Царь дал 60 тысяч, но год многосемейной, светской жизни в столице стоит 40 тысяч. Хотя вскоре История начинает давать доход, и кое-какой оброк приходит из деревни, а все равно к лету 1819-го „половина исторического капитала уж рассеялась“. За 5 лет прожили сверх доходов ровно 100 000, еще через 4 года — 150 000. Первый историк России, между прочим, жалуется брату: „Не имею достаточно средств на воспитание детей… Иногда не без грусти думаю, что нашим небогатым дочерям, к тому же и не красавицам, придется, как вероятно, доживать век в девушках“.
День Карамзина: утром обязательный час прогулки (в любую погоду; в Царском Селе — верхом). Если очень холодно — утепляется: „под сюртук — тетрадь“. Особым царским разрешением государственному историографу дозволено ходить не только по дорожкам, но и топтать царскосельские лужайки…
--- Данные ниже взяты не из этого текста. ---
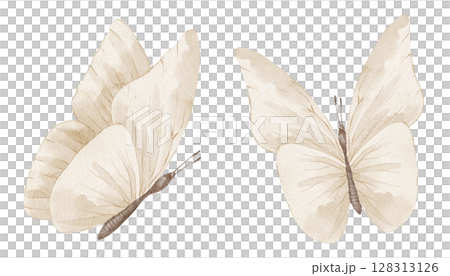 Watercolor illustration of Butterflies with delicate wings and soft details. Drawing of delicate Insects for wedding invitations or Baby party greeting cards. Art in soft pastel beige colors. Watercolor illustration of Butterflies with delicate wings and soft details. Drawing of delicate Insects for wedding invitations or Baby party greeting cards. Art in soft pastel beige colors. 128313126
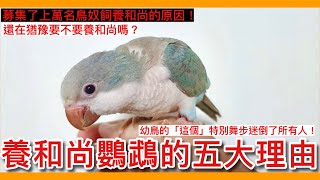 嘿！猶豫要不要養「和尚」嗎？我們募集了老前輩飼養的5大理由！先看完再決定吧！【鸚鵡小木屋】【五大理由系列EP2】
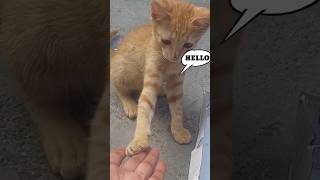 Billi ke bacche ki funny moments minivlog shortsfeed youtubeshorts dailvlog alfishakevlogs [upl. by Aynnat]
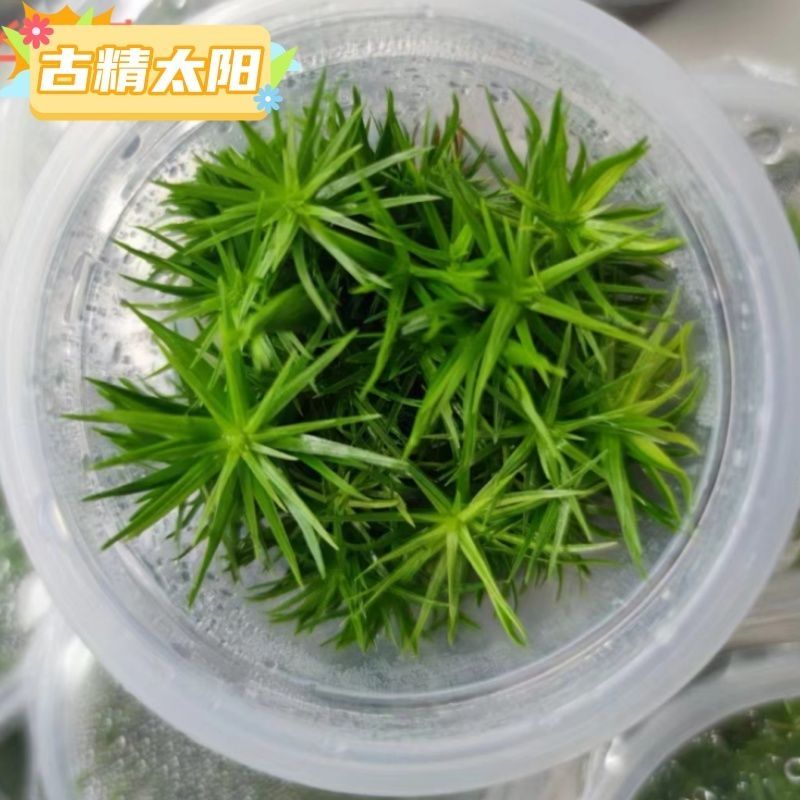 各位大佬，請教一下這到底是什么水草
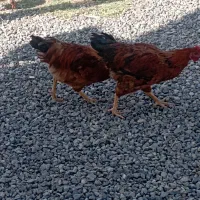 خروس و مرغ  بالغ
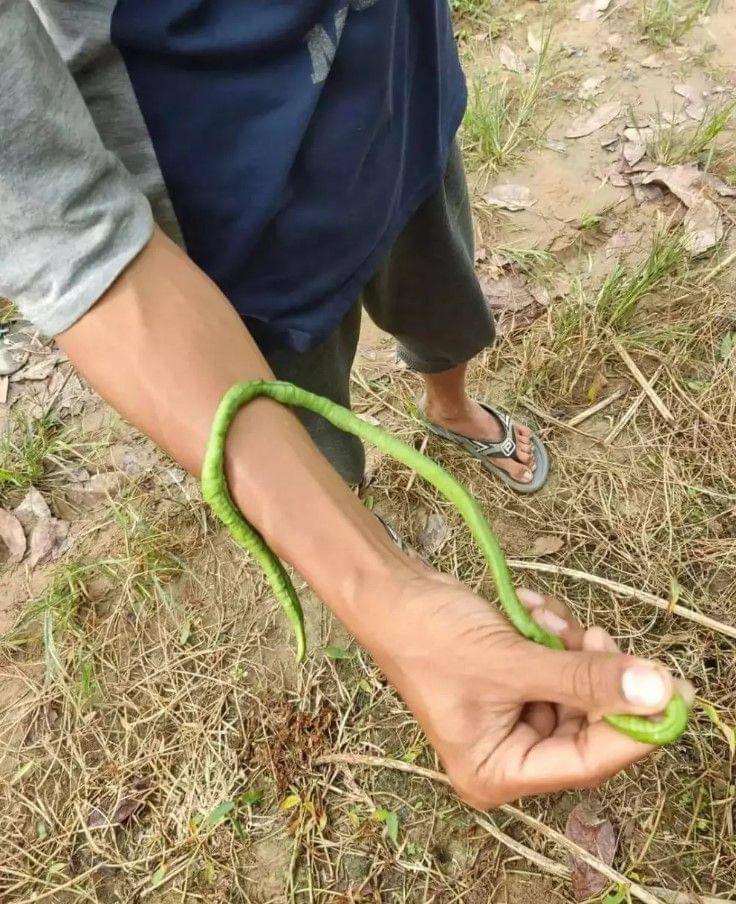 potret teliti kocak (instagram.com/unconditionaldesign)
Знакомые места — военная служба, в ранней юности, возвращение из Европы 24-летним. „В Царском Селе… все напоминает Екатерину. Как переменились времена и обстоятельства! Часто в задумчивости смотрю на памятники Чесмы и Кагула“.
Недавняя жизнь все больше оборачивается историей. Уходят старинные, вечные, как казалось, соратники. Умер Державин; 18 июля 1816-го Карамзин отправляет Дмитриеву печальные строки: „В воскресенье мы обедали в Павловске: ничего не сказали мне о смерти знаменитого поэта! <…> Sic transit gloria mundi“ (Так проходит слава мирская — лат.).
После прогулки — чашка кофею, трубка и до трех-четырех за рабочим столом (если только ревматизм или жестокая лихорадка не скручивают — на неделю, случается, и на месяц). Первые петербургские годы — корректура, корректура. Пока отодвинуты в сторону летописи XVI века, — записки иностранцев, разнообразные документы о царе Иване Грозном. Повествование замерло на 1560 годе. Тяжкая, нудная подготовка к печати восьми томов. Типографией историк недоволен:
21 августа 1816-го — „Первый лист будет отпечатан едва ли не в начале сентября, хотя вперед уже дано 8000 рублей“. „Ноты“, т. е. примечания, тяжелы, прежде всего для глаз, „и для меня скучные: каковы же будут для читателей? Однако ж не имею духа поставить крест“.
1 октября: „Типография смотрит на меня медведем“.
Декабрь — отпечатано уже 20 листов первого тома в Военной типографии, а второй одновременно набирается в Медицинской.
12 марта 1817-го: „Читаю корректуру до обморока“. Тома набираются уже в третьей типографии — Сенатской.